Retromer does not interact with RAB7A

The overall reduction in retromer⁺ vesicles during MTOR inhibition likely occurred via autophagy-mediated turnover but may be explained in part by reduced recruitment of retromer to endosomes. In a current model of retromer regulation, RAB7A^GTP binds to retromer and recruits it to endosomes to facilitate receptor sorting [13]. Following this, retromer recruits TBC1D5 to hydrolyze RAB7A^GTP via its GAP activity leading to the disassociation of retromer from endosomes [4,12,13]. While our prior epistasis experiments indicated that TBC1D5 acts downstream of retromer in their endosome recruitment (Figure 2H), our findings did not support the proposed role for RAB7A. Endogenous RAB7A did not co-immunoprecipitate with VPS35-FLAG expressed in VPS35-null cells (Figure S4E) nor was it enriched in the VPS35 interactome (Figure 2B-D and Table S1), and in a reverse immunoprecipitation experiment neither VPS35-FLAG or HA-TBC1D5 co-immunoprecipitated with GFP-RAB7A (Figure S4F). Consistent with these findings only a small amount of VPS35 overlapped with GFP-RAB7A⁺ puncta (Figure S4G and S4H). While AZD8055 and EBSS led to fewer VPS35⁺ vesicles, the overlap between VPS35 and RAB7A was unchanged by AZD8055 compared with the untreated condition but increased with EBSS (Figure S4G and S4H). Given that chemical inhibition of MTOR did not impede VPS35 recruitment to RAB7A⁺ endosomes, we surmise that the catalytic GAP activity of TBC1D5 was unlikely to be affected.
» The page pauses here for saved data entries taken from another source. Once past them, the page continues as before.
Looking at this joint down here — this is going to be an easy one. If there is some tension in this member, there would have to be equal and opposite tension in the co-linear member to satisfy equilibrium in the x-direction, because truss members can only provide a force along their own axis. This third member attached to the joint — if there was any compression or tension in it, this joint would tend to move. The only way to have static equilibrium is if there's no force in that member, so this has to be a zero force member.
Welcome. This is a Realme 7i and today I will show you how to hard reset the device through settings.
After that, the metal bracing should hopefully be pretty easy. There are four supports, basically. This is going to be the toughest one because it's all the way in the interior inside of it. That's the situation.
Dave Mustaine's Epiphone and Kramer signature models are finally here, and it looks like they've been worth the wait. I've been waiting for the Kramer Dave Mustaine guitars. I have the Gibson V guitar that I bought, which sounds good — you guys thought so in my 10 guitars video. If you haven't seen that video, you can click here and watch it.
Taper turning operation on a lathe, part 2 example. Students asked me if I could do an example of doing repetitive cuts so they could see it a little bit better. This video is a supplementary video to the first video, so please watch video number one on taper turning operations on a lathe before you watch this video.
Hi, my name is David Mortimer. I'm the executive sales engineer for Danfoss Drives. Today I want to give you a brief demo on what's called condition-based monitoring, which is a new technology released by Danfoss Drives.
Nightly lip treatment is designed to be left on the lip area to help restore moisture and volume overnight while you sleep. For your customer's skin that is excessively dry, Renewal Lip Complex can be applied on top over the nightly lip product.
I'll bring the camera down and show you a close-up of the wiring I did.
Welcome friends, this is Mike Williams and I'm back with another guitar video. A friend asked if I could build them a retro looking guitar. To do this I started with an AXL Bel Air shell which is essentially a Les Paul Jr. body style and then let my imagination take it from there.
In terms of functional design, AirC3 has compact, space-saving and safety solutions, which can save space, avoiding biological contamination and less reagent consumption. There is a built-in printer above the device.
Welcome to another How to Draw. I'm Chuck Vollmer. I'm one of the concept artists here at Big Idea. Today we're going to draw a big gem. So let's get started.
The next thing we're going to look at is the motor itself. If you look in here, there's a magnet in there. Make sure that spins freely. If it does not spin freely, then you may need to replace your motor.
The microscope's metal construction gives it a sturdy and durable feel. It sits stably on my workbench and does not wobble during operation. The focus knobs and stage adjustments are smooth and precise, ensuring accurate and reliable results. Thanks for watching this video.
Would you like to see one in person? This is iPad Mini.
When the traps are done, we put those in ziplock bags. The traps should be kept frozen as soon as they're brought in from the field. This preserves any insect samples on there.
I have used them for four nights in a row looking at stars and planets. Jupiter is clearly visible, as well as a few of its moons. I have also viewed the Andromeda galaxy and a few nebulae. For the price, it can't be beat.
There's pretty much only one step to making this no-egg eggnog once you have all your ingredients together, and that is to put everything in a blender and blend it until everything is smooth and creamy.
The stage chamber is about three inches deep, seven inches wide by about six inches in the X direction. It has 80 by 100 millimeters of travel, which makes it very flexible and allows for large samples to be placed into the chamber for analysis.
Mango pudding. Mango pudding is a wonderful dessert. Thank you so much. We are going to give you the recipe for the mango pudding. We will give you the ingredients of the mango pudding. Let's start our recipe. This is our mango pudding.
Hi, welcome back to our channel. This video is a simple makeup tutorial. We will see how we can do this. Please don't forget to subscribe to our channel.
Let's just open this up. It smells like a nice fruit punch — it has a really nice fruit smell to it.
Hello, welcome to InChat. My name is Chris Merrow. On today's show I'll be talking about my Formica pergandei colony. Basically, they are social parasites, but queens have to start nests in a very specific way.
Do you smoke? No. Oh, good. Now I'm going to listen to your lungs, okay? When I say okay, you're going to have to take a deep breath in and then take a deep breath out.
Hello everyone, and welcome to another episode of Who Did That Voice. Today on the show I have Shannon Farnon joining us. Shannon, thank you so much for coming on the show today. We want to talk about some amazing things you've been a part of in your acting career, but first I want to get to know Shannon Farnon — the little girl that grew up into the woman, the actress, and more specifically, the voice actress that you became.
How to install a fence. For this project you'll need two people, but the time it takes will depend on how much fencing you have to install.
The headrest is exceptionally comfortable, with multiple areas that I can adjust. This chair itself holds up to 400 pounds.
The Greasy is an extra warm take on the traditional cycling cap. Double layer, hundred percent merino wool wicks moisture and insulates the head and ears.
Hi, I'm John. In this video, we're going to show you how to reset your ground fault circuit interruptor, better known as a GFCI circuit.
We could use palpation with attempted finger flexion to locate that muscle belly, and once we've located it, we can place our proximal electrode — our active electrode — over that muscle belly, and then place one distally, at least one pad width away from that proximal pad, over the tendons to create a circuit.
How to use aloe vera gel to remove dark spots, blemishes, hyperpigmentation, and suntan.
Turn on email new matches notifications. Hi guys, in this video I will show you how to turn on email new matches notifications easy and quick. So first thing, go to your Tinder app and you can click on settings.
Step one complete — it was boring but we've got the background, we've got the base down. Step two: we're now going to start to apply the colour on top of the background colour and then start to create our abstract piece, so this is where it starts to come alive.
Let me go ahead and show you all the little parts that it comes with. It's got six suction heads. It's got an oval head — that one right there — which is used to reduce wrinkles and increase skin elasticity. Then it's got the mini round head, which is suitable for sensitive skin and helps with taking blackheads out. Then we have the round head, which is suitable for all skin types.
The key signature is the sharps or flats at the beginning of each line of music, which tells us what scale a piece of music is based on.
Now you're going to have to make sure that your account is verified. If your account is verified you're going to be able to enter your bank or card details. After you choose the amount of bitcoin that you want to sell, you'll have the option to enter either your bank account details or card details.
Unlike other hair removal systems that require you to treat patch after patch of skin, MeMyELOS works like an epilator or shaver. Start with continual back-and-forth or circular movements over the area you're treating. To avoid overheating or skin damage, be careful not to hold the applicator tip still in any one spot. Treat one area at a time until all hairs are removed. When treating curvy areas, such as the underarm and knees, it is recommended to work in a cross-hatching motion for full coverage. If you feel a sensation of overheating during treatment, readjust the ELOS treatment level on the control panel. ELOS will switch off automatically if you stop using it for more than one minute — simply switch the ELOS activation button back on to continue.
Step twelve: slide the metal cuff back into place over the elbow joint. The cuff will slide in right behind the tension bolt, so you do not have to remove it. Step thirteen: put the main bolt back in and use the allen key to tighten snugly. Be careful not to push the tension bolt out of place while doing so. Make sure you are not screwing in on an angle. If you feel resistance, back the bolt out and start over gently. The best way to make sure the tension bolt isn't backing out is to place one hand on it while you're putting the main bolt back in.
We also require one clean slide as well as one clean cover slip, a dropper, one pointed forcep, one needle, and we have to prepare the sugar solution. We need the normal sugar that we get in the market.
MTORC1 supports the trafficking of retromer cargoes

We speculated that MTORC1-dependent regulation of retromer may control the fate of cargo receptors trafficked from endosomes to the trans-Golgi network and plasma membrane. ADRB2/β₂ adrenergic receptor contains a PDZ binding motif within its C terminus that is essential for endosome-to-plasma membrane trafficking by SNX27-retromer (Figure S5A) [6]. Following transient expression HA-FLAG-tagged ADRB2 predominantly localized to the plasma membrane but redistributed to tubular and vesicular compartments throughout the cytoplasm following endocytosis induced by its agonist isoproterenol (Figure 5A) [6]. Depletion of VPS35 with siRNA increased overlap of HA-FLAG-ADRB2 on LAMP1⁺ vesicles following exposure to isoproterenol (Figure 5B,C). Similarly, MTOR inhibition with AZD8055 moderately increased the overlap of HA-FLAG-ADRB2 on LAMP1⁺ vesicles (Figure 5D,E), and concomitantly reduced its overlap with VPS35⁺ vesicles (Figure 5F,G). In a pulse-chase experiment, AZD8055 reduced the frequency of cells that recycled HA-FLAG-ADRB2 back to the plasma membrane following agonist-induced endocytosis in transfected HEK293T cells (Figure 5H). This indicated that MTORC1 supports an endosome-to-plasma membrane trafficking itinerary of retromer cargoes by preventing their turnover. To distinguish whether the endosome-to-Golgi trafficking function of retromer was also regulated by MTORC1 we assessed lysosomal turnover of the amyloid-β precursor protein (APP) [48], an established endosome-to-Golgi retromer cargo [58,59]. In live HeLa cells, both AZD8055 and EBSS augmented delivery of mCherry-GFP-APP to lysosomes as indicated by an increased mCherry:GFP signal (Figure S5B) [48]. Importantly, knock-down of the ESCRT-0 and -I components HGS and TSG101, respectively, did not inhibit starvation-dependent delivery of mCherry-GFP-APP to lysosomes suggesting it occurred independent of intraluminal vesicle/multivesicular body formation (Figure S5C-F). Moreover, in SH-SY5Y neuroblastoma cells, small vesicles containing endogenous APP decorated larger LC3B⁺ compartments following co-treatment with AZD8055 and BafA (Figure S5G and S5H). Taken together, we concluded that MTORC1 supports diverse receptor trafficking itineraries of retromer cargoes.

Figure 5.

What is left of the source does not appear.